▶ [TASK STATEMENT] From the listing that follows, reproduce only the lines from the one holding "This is a 2008" through the one holding "Again, Q and", both included, with no pictures.

▶ [DATASET CONTENT]
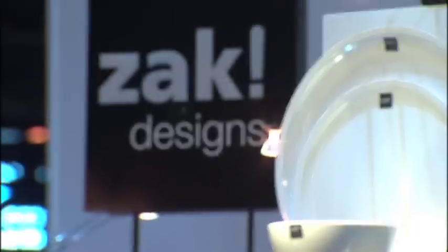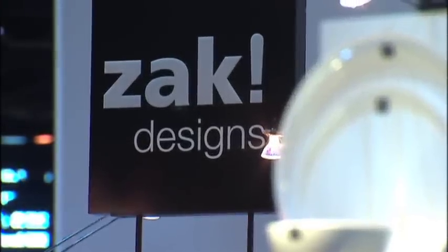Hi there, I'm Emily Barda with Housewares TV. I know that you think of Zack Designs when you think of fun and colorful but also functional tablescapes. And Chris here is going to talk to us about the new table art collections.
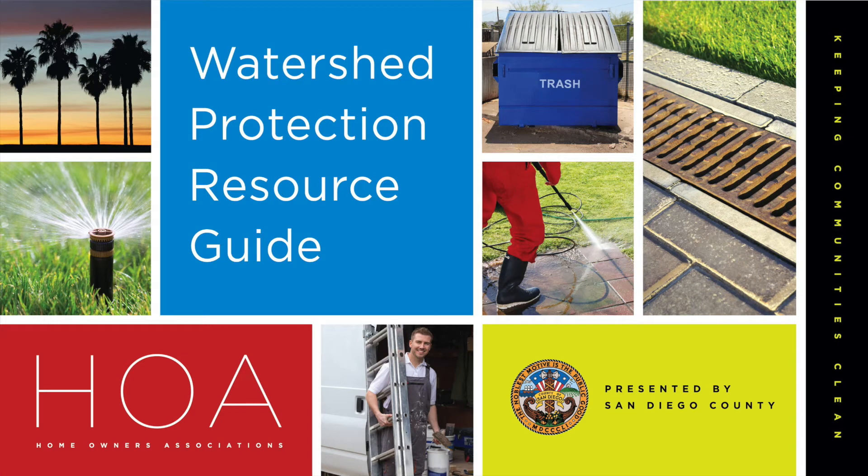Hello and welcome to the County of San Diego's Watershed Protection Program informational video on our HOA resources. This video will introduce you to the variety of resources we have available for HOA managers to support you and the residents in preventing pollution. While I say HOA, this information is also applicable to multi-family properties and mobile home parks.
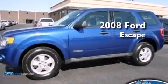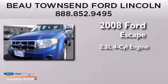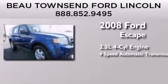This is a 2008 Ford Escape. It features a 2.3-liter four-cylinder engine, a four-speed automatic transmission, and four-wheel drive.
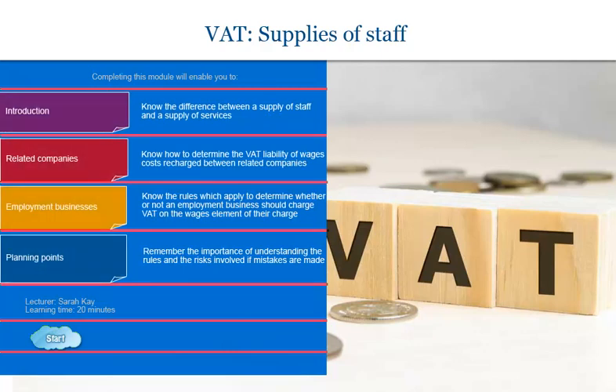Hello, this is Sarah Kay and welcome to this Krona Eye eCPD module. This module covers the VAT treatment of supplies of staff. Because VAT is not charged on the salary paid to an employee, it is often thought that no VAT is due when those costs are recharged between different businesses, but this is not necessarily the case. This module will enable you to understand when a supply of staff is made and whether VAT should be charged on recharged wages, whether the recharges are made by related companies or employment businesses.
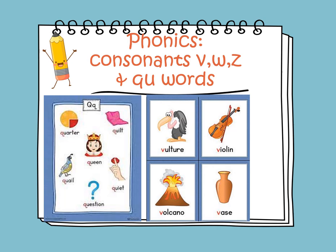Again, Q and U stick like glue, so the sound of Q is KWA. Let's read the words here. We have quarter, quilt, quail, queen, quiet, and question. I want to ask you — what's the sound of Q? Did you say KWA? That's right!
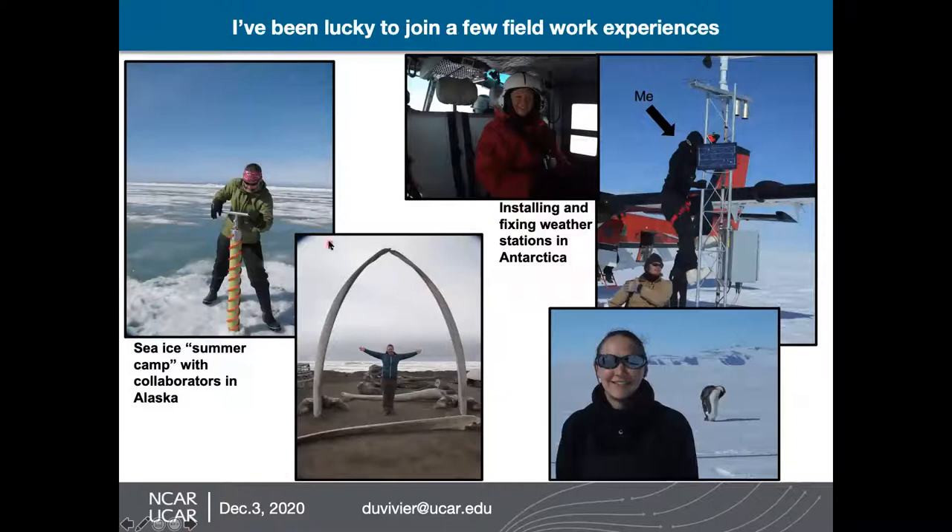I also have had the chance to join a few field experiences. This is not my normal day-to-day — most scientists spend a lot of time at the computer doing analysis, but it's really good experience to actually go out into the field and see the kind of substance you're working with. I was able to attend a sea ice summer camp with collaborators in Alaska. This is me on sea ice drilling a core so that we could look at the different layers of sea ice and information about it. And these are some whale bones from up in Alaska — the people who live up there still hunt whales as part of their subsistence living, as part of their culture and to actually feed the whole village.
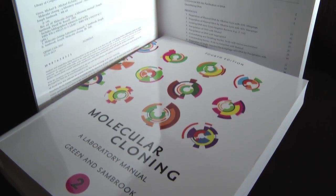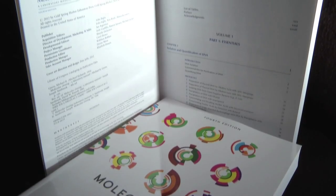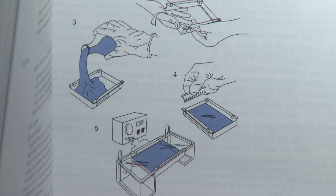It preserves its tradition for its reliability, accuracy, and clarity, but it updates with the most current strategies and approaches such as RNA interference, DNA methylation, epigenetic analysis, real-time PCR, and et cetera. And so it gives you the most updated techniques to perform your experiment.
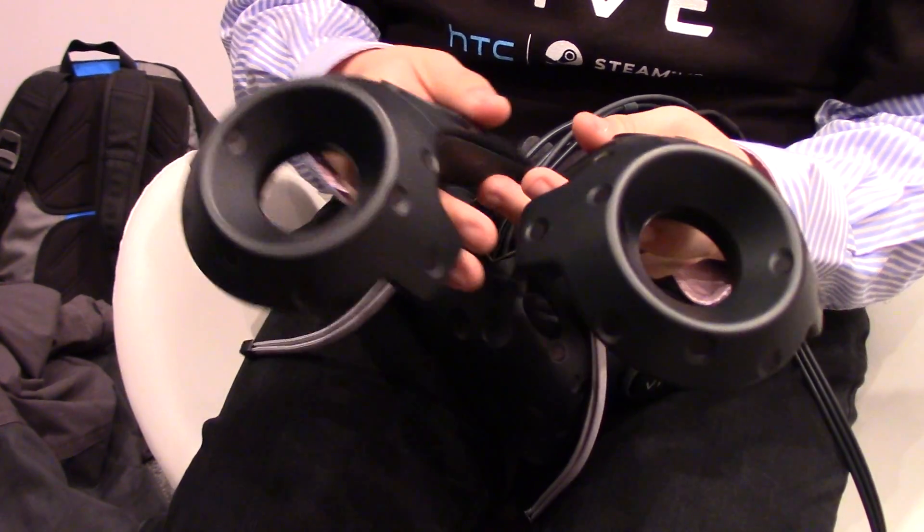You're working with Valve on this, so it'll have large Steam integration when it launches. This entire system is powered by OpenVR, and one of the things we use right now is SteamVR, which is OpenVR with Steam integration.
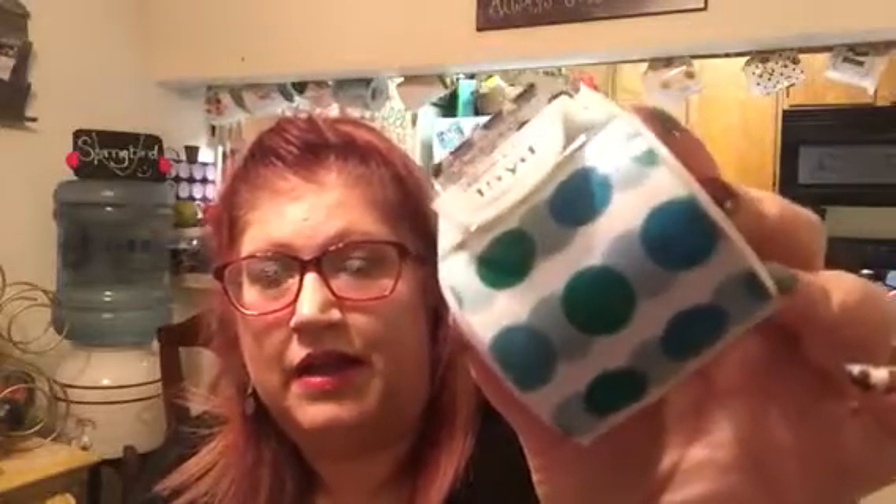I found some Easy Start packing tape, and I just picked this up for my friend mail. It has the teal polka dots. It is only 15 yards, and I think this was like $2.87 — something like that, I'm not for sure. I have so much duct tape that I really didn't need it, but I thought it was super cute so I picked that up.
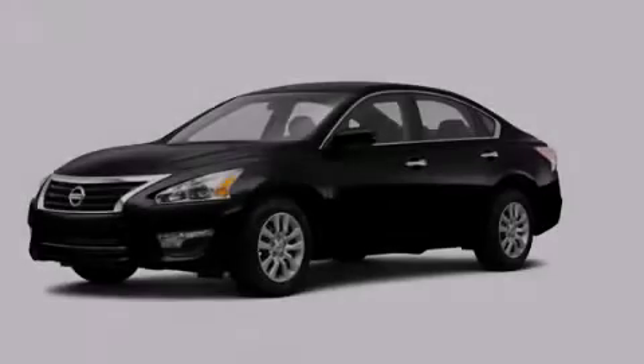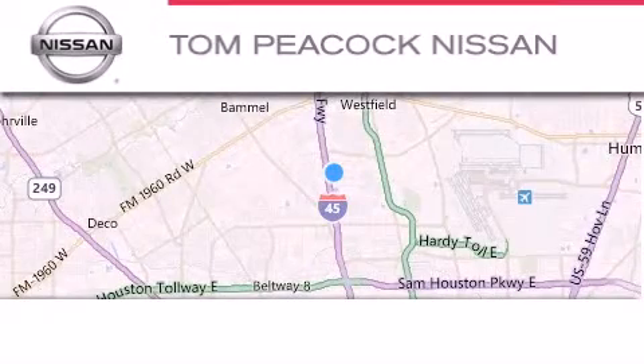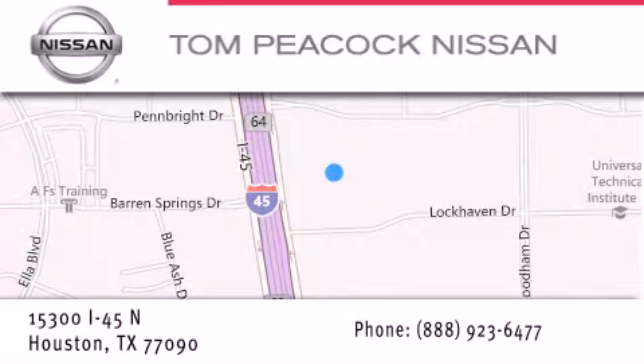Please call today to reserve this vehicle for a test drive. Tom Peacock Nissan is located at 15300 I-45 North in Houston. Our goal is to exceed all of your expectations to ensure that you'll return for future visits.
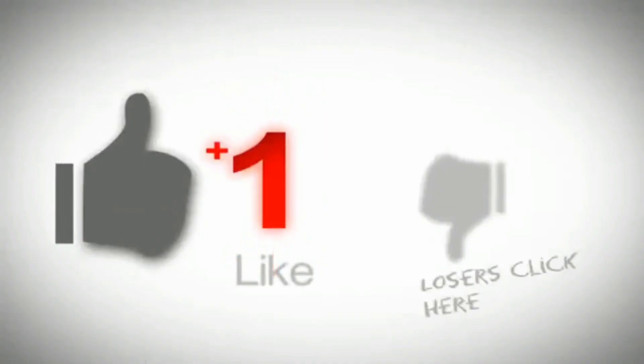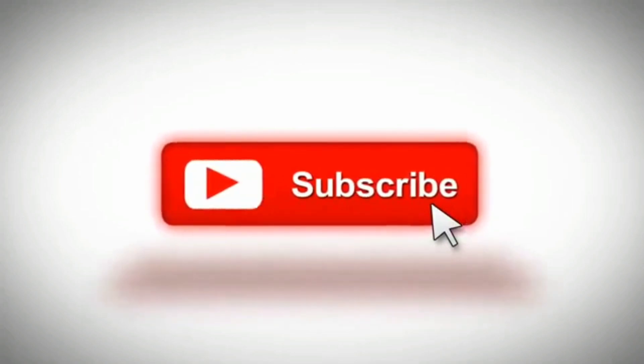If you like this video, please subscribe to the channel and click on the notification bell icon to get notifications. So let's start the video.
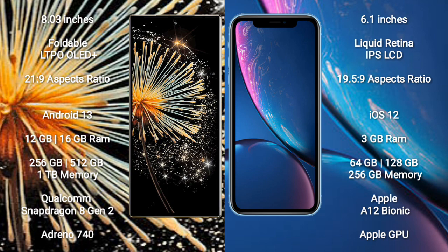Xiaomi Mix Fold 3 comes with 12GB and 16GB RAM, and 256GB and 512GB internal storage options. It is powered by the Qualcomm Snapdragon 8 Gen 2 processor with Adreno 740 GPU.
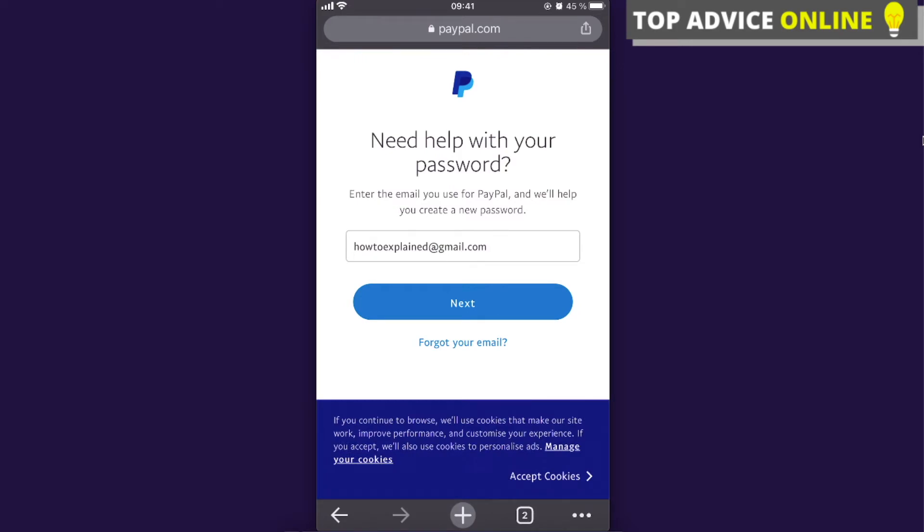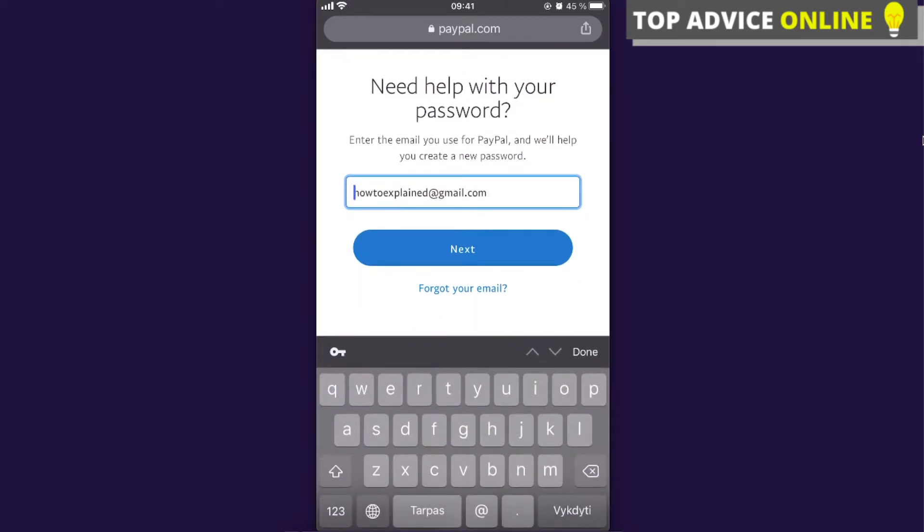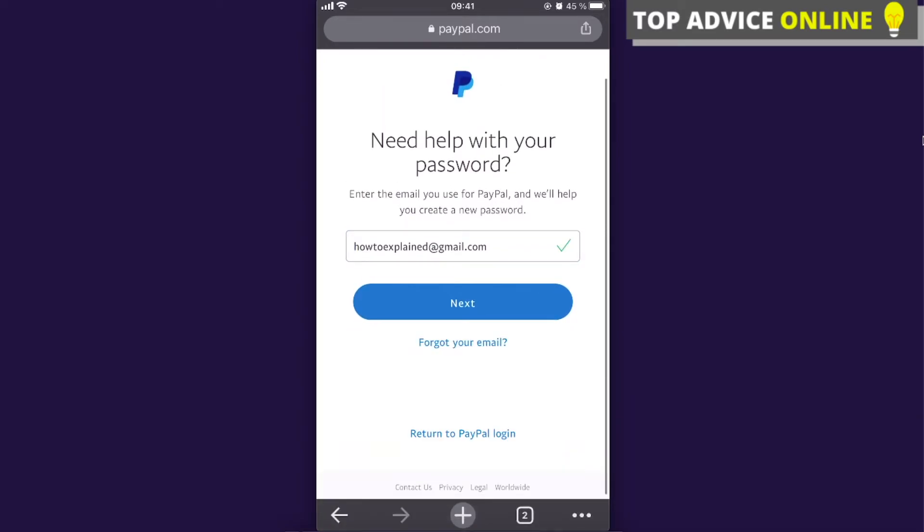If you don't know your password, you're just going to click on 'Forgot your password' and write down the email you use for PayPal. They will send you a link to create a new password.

▶ [TASK OUTPUT]
This is a 2008 Ford Escape. It features a 2.3-liter four-cylinder engine, a four-speed automatic transmission, and four-wheel drive.
Hello, this is Sarah Kay and welcome to this Krona Eye eCPD module. This module covers the VAT treatment of supplies of staff. Because VAT is not charged on the salary paid to an employee, it is often thought that no VAT is due when those costs are recharged between different businesses, but this is not necessarily the case. This module will enable you to understand when a supply of staff is made and whether VAT should be charged on recharged wages, whether the recharges are made by related companies or employment businesses.
Again, Q and U stick like glue, so the sound of Q is KWA. Let's read the words here. We have quarter, quilt, quail, queen, quiet, and question. I want to ask you — what's the sound of Q? Did you say KWA? That's right!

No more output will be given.